Ran a 15 ‘ lowe for years. Hard to beat aluminum for cost. hull slap is noticeable, i added spray bed liner to interior ( tan ) helped w noise a smidge . Mine was riveted w welded seams. Deck was a must have.never had issue poling, poled it from bow. Good luck


----------



## Smackdaddy53 (Dec 31, 2012)

eightwt said:


> How well do these boats pole? Hull slap?

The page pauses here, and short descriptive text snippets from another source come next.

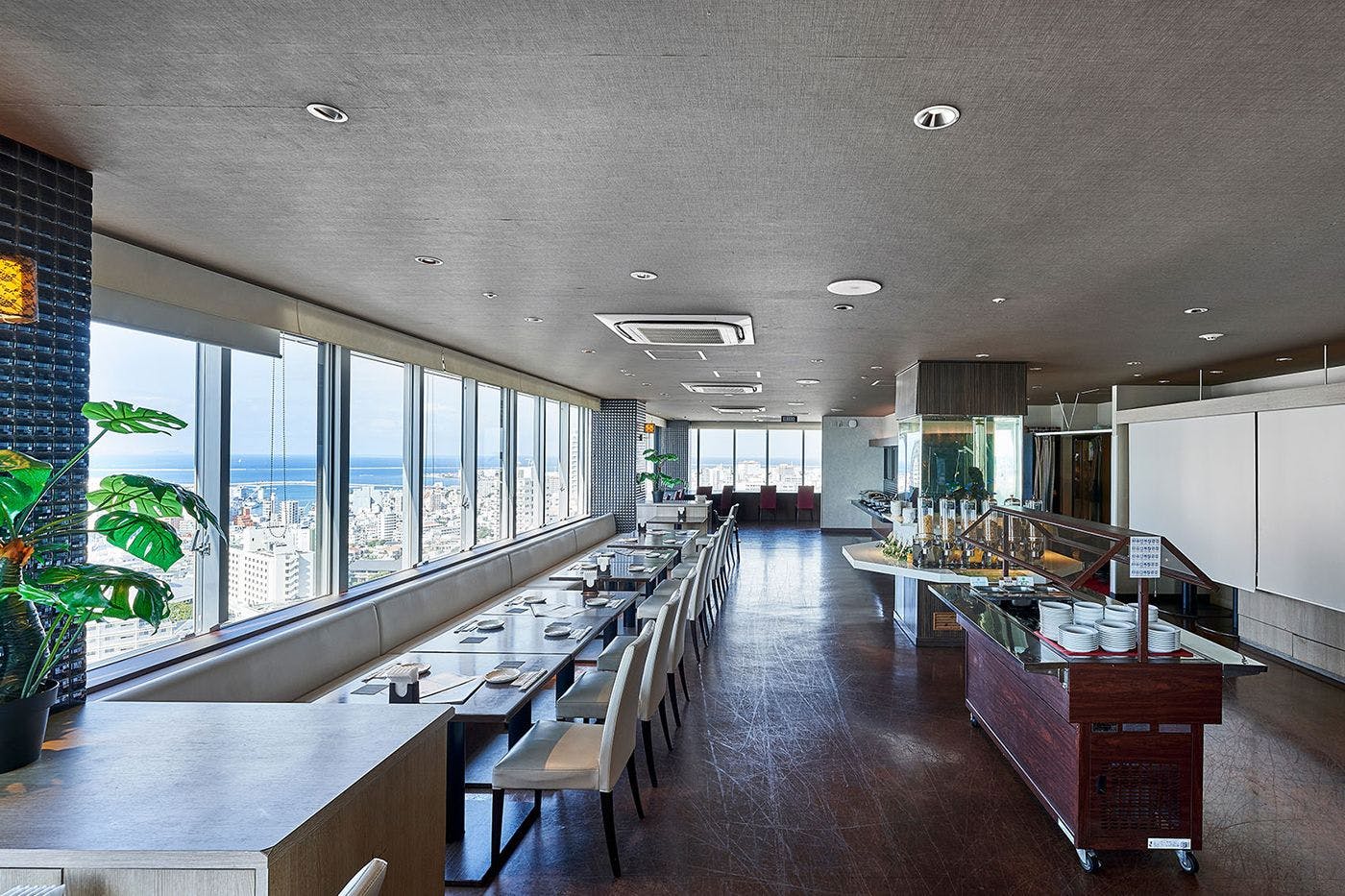 レストラン「Sky Garden」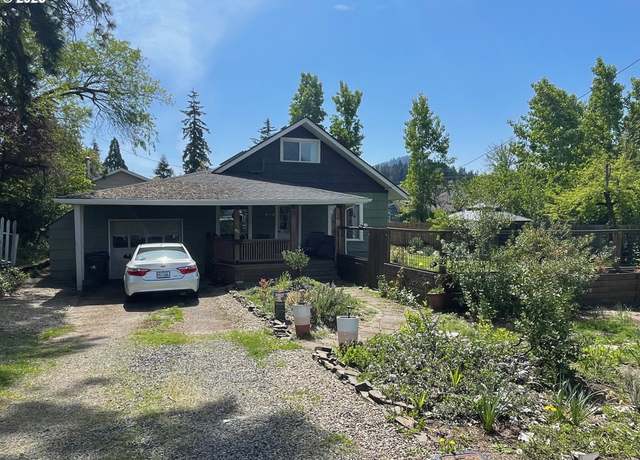 Property at 850 E 36th Ave, Eugene, OR 97405, 3 beds, 2 baths
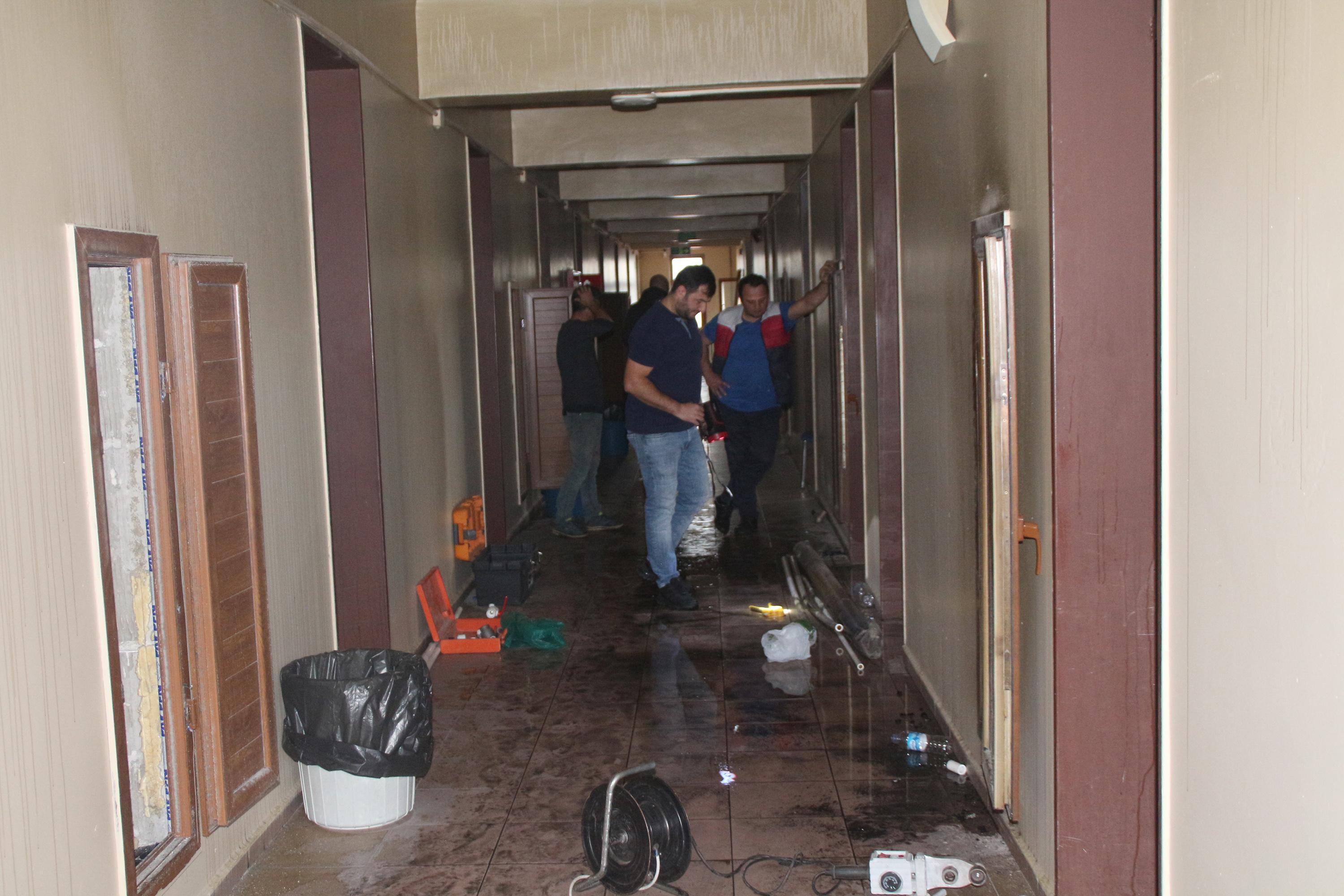 Çatısı yanan yurttaki 500e yakın öğrenci, misafirhanelerde kalacak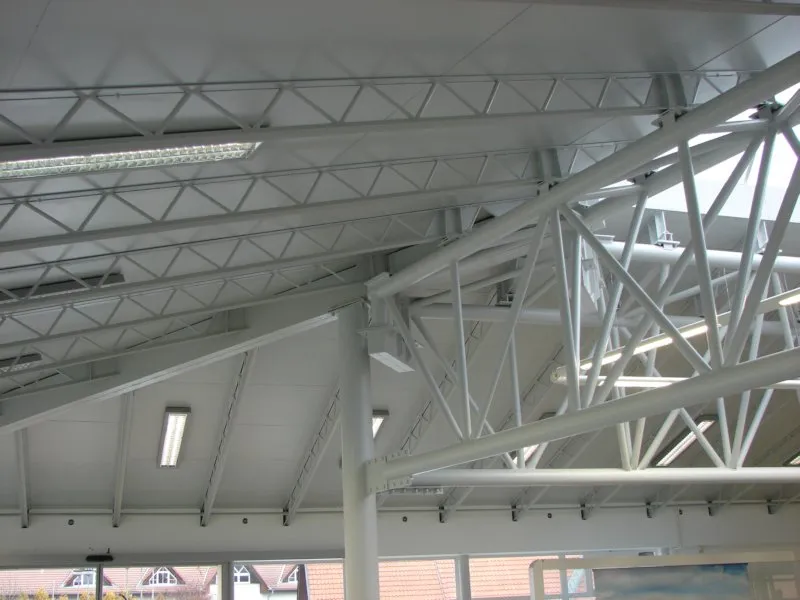 Mytí a čištění plechových obložení, PUR panelů, továrních oken i větracích mříží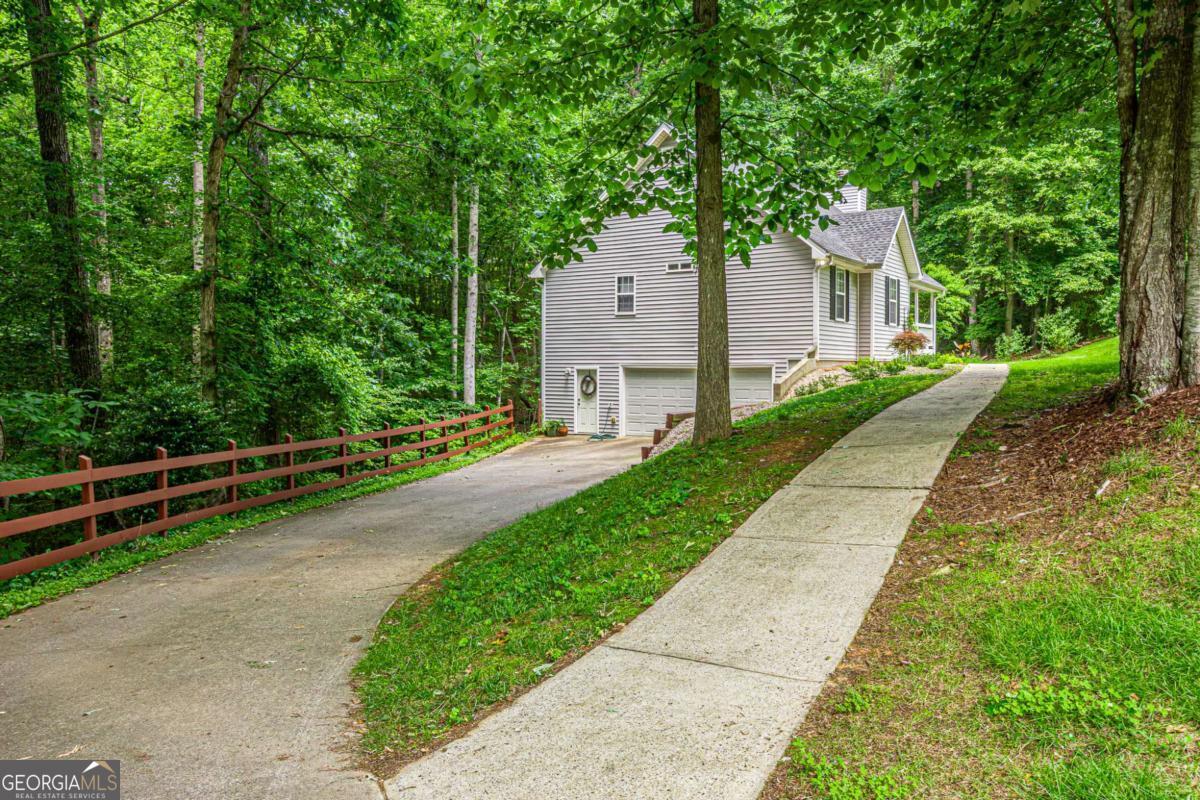 226 Mountain Brook CIR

I modified a 1652 mod v aluminum hull and set it up like a poling skiff and it was not loud at all. I had lots of bracing and I glued foam sheet to all the interior of the hull for flotation and to kill sound. A mod v will have much less noticeable hull slap than a flat bottom but if you don’t pole in rougher water they are pretty quiet. As stated, some sort of floor liner or coating will kill the resonation of water on the hull and make it quieter. Sabine skiffs are built like a technical poling skiff (they are a TPS) and when someone is on the bow the flat bottom of the bow is below the water line so hull slap is pretty much nonexistent.


----------



## Matts (Sep 2, 2015)

If I wanted to pole an aluminum, it would be a Sabine, period. The rest will have hull slap. Boatrights are just large, stable barges and not poling skiffs. Glen made a skiff or two but I’m not sure he offers them any longer.


----------



## No Bait / Lures Only (Apr 10, 2011)

lemaymiami said:


> Me, I'm at the other end of the state down in the Everglades... If I were up your way I'd be running an aluminum skiff with a tunnel (even though I'm not that fond of tunnel hulls).. That hard bottom up your way would give a guy like me the willies until I learned to run it a bit. My area is much more forgiving (but if you run aground in my area you may really step out onto... three feet deep mud that will suck the shoes right off your feet if you're not careful...).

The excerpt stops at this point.